It’s a bit embarrassing to write about a firm (ours) that has been in business for 17 years, has grown significantly year in and year out, has met its goals each and every year but has a contingent of advisors who are loathe to sell anything to anyone. Our advisors (seven of them) are perfectly content to work with existing clients and not worry about what’s coming next. I’m one of the younger partners in the firm and am motivated to put a true sales system in place. I need advisors who will sell within that system. How do I get them motivated and on board?

W.W.

Dear W.W.,

Quite an interesting quandary in this industry – growth comes on a regular basis to most every advisory firm I work with, no matter large or small. Investors need help – they are accumulating wealth and want to retire, leave a legacy or maximize their investments. As a result, it has been reasonably easy to grow (not to underestimate how hard it is to work with clients well and keep them happy), so becoming a salesperson is not only distasteful, but doesn’t seem “necessary.”

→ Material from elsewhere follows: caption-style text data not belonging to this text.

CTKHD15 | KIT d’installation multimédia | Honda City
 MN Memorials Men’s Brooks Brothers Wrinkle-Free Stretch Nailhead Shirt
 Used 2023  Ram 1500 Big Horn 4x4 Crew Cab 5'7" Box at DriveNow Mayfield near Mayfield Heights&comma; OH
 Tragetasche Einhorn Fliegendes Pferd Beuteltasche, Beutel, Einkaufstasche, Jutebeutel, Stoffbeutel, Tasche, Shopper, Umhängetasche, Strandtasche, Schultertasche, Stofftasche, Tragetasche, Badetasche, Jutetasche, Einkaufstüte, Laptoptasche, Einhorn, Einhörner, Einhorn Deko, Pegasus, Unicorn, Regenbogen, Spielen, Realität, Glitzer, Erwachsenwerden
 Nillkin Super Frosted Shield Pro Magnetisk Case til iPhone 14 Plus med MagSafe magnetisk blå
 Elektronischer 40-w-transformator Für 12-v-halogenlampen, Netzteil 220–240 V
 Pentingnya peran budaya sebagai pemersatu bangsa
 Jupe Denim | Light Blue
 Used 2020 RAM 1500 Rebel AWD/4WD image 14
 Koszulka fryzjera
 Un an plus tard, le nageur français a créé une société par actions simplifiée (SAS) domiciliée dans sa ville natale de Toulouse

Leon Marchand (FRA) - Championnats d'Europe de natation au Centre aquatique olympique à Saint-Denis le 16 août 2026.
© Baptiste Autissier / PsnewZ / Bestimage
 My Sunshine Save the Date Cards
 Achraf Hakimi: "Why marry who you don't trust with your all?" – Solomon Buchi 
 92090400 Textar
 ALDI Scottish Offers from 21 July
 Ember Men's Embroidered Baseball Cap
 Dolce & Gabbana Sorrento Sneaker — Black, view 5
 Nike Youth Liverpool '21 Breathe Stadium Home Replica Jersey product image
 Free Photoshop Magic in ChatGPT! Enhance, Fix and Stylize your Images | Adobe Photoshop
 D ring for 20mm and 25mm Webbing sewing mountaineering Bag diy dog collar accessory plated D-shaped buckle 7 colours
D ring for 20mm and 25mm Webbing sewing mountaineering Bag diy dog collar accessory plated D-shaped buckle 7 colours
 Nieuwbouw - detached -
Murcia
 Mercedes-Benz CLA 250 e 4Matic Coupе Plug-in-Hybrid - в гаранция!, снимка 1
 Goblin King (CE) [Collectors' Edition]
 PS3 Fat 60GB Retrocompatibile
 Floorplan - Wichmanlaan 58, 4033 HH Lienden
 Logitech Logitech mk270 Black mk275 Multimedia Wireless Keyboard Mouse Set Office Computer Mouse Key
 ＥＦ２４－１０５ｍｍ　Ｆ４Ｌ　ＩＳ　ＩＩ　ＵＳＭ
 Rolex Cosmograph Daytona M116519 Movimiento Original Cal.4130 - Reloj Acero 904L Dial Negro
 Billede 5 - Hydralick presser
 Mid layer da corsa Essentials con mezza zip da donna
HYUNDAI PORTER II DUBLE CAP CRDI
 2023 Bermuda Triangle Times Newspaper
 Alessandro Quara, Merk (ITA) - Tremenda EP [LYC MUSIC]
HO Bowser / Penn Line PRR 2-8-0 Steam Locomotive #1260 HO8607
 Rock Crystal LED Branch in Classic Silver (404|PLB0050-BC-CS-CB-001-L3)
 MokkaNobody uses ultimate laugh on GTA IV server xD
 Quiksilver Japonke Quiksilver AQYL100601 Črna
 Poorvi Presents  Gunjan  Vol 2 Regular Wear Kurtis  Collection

That said, times will change and the market will turn at some point or will reach saturation or shift to a robo-approach or something else we can’t even consider or know at this point will disrupt the economic balance. Implementing a systematic approach to business building is an imperative.

I work with advisors who don’t want to sell. Why? They see it as cheesy, or beneath them, or they liken selling to the “used car” industry. They went to school and received credentials, which are difficult to obtain, because they like financial planning and investing, not because they wanted to sell for a living.

Compensation usually isn’t the driver. In your case you talk about them being “content” where they are. This is common. Advisors are paid well, so the additional few thousand dollars that could come from a new sale is rarely a strong driver. It should be discussed and included, but it isn’t the full answer.